Ek Duje Ke Liye (1981) was a powerful film. For the first time in Hindi cinema, lovers surmounted the barrier of language and linguistic culture and gave up their lives for the idea of a great India that is otherwise a sham shouted about from the rooftops day and night. Rati Agnihotri and Kamal Hasan, that unforgettable couple, can still make you cry. Perhaps for the first time, a popular film challenged the facile and counterfeit notion of a composite India that we have internalized for too long. ‘Mere jeevan saathi/Pyar kiye ja...’: to write a song by stringing together the titles of Hindi films was not mere talent; it was a way of saying that it is possible for a Hindi-wali to fall in love with a Tamil-wala. He can construct a language of love with Hindi film names. She can call out to him using the names of Tamil Nadu’s districts and cities. She can talk to him and she can sing along with him.

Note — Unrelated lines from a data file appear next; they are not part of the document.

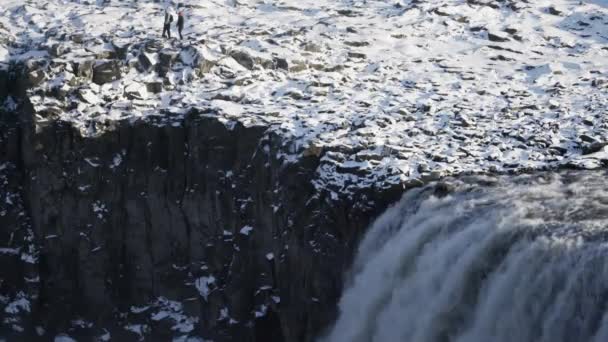 Turistas Irreconhecíveis Cima Dettifoss Cachoeira Maciça — Vídeo de Stock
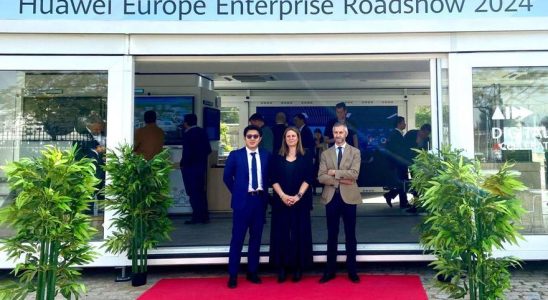 Le Huawei Enterprise Roadshow 2024 parcourt lEspagne pour presenter les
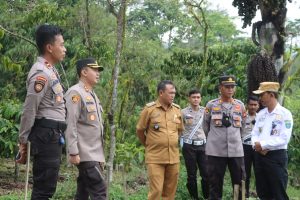 Kapolres OKU Selatan Tinjau langsung Validasi Sertifikat aset Tanah Milik Negara (POLRI) Polres OKU Selatan
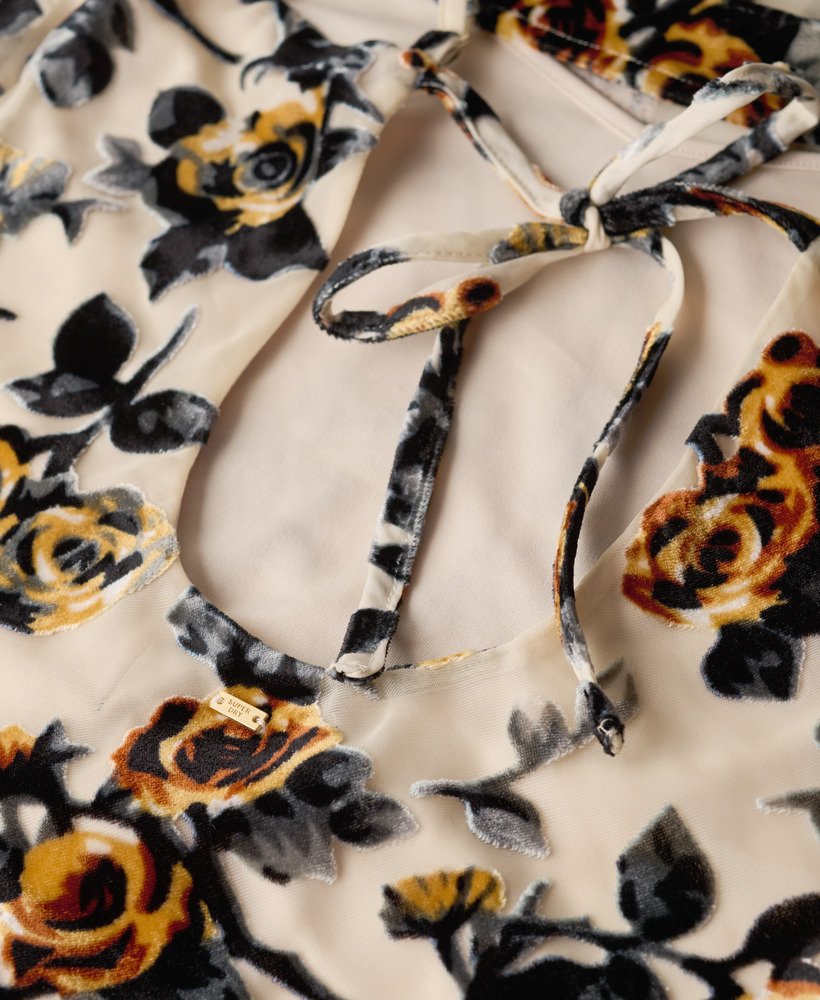 vestido curto de alcinha com decote drapeado em devoré e estampa floral laranja queimado.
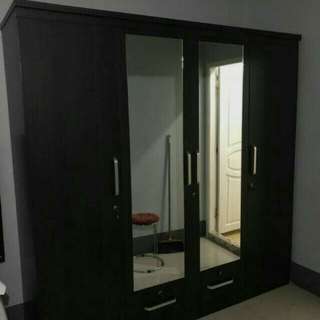 Lemari Pakaian 4 Pintu Full Kaca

But films have not always made us good lovers. The films coming from Mumbai kept trying only to breach the high wall between the rich and the poor—that was the extent of their revolution. ‘Chandi ki deewar na todi, pyaar bhara dil tod diya/ Ek dhanwaan ki beti ne nirdhan ka daaman chhorh diya—She did not break down the walls of silver, she broke a heart full of love/A rich man’s daughter betrayed a poor man in love.’ (Vishwas, 1969) The pain of love! Rich women are always heartbreakers, always disloyal. In some films, rich women did leave everything behind to be with the love of their life, but the dominant narrative remained that in the world of love, wealth, too, is caste. Everyone should stay within the confines of their caste and explore the possibilities of love there.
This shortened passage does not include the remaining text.